Moores Cancer Center, University of California San Diego, La Jolla, CA, 92093-0815, USA.
Cancer Chemother Pharmacol. 2010 Oct;66(5):919-25. doi: 10.1007/s00280-009-1240-1. Epub 2010 Jan 20.
Monoclonal antibodies (mAb) are an important and growing class of cancer therapeutics, but pharmacokinetic analyses have in many cases been constrained by the lack of standard and robust pharmacologic assays. The goal of this project was to develop a general method for the production of immunoassays that can measure the levels of therapeutic monoclonal antibodies in biologic samples at relevant concentrations.
Alemtuzumab and rituximab are monoclonal approved for the treatment of B-cell malignancies and were used as a model system. Phage-displayed peptide libraries were screened for peptide sequences recognized by alemtuzumab (anti-CD52) or rituximab (anti-CD20). Synthetic biotinylated peptides were used in enzyme-linked immunosorbent assays (ELISA). Peptides directly synthesized on polymer resin beads were used in an immunofluorescent-based assay.

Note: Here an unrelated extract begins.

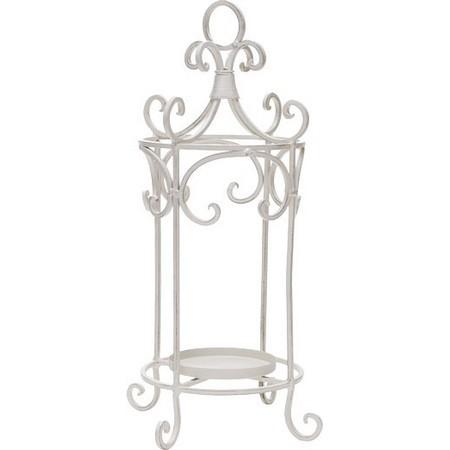 アンティーク ホワイトアイアンキャンドルスタンド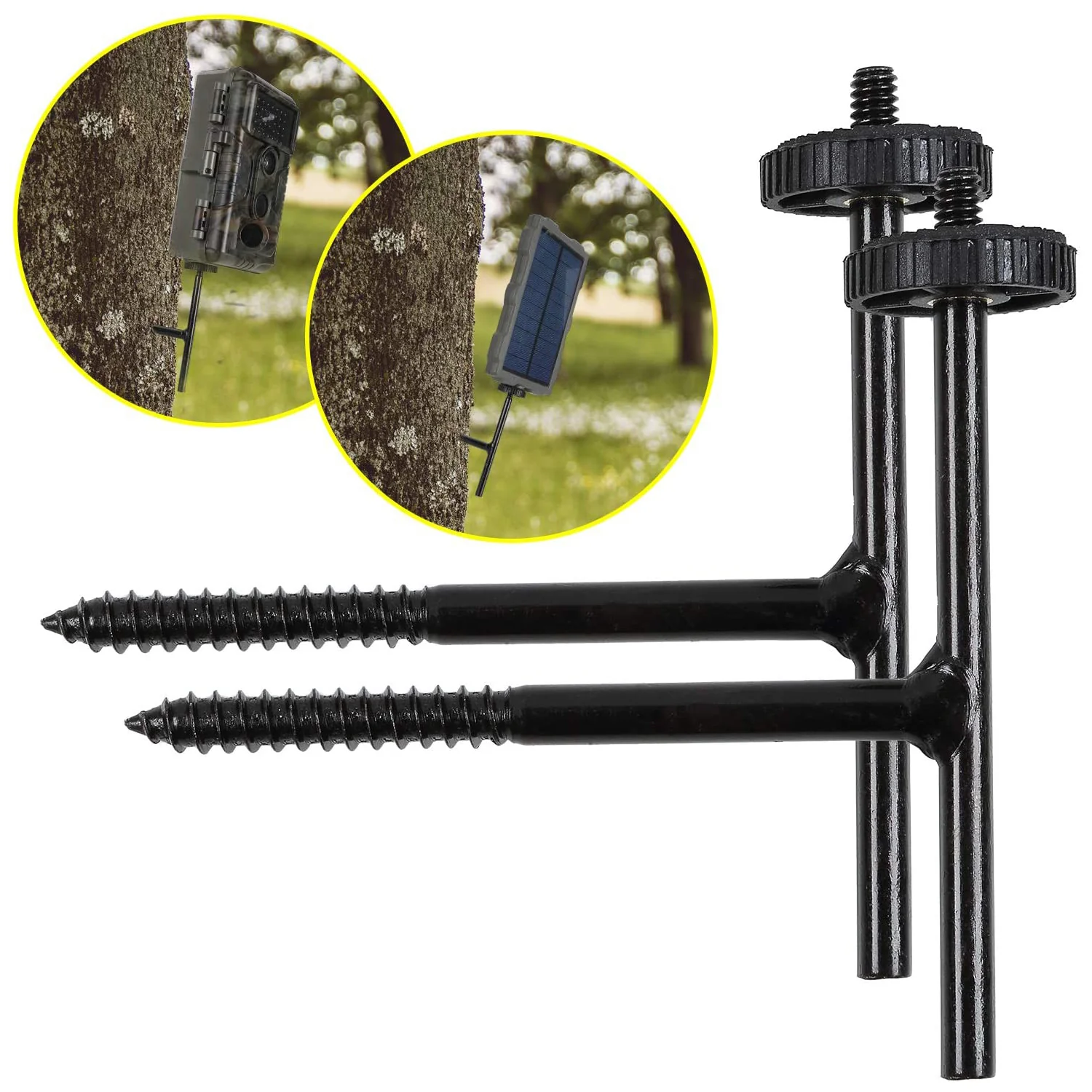 2-Pack Trail Camera Mount Tree Holder, Universal Game Camera Mounting Stand - Image 3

Peptide mimetope sequences were recovered for both mAb and confirmed by competitive staining and kinetic measurements. A peptide-based ELISA method was developed for each. The assay for rituximab had a limit of detection of 4 microg/ml, and the assay for alemtuzumab had a limit of detection of 1 microg/ml. Antibody-specific staining of peptide conjugated beads could be seen in a dose-dependent manner.
Phage-displayed peptide libraries can be a source of highly specific mimetopes for therapeutic mAb. The biotinylated forms of those peptides are compatible with conventional ELISA methods with sensitivities comparable to other assay methods and sufficient for pharmacological studies of those mAb given at high dose. The process outlined here can be applied to any mAb to enable improved pharmacokinetic analysis during the development and clinical use of this class of therapies.
单克隆抗体(mAb)是一类重要且不断发展的癌症治疗药物,但在许多情况下,由于缺乏标准和稳健的药理学检测方法,其药代动力学分析受到限制。本项目的目的是开发一种通用方法,用于生产免疫分析,可以在相关浓度下测量生物样品中治疗性单克隆抗体的水平。
阿仑单抗和利妥昔单抗是批准用于治疗 B 细胞恶性肿瘤的单克隆抗体,被用作模型系统。用噬菌体展示肽文库筛选与阿仑单抗(抗-CD52)或利妥昔单抗(抗-CD20)识别的肽序列。合成的生物素化肽用于酶联免疫吸附测定(ELISA)。直接在聚合物树脂珠上合成的肽用于基于免疫荧光的测定。
回收了两种 mAb 的肽模拟序列,并通过竞争染色和动力学测量进行了验证。为每个 mAb 开发了基于肽的 ELISA 方法。利妥昔单抗的检测限为 4μg/ml,阿仑单抗的检测限为 1μg/ml。可以以剂量依赖性方式观察到肽偶联珠的抗体特异性染色。
噬菌体展示肽文库可以作为治疗性 mAb 的高度特异性模拟物的来源。这些肽的生物素化形式与常规 ELISA 方法兼容,灵敏度与其他检测方法相当,足以用于高剂量给药时这些 mAb 的药代动力学研究。这里概述的过程可以应用于任何 mAb,以在这类疗法的开发和临床应用中改善药代动力学分析。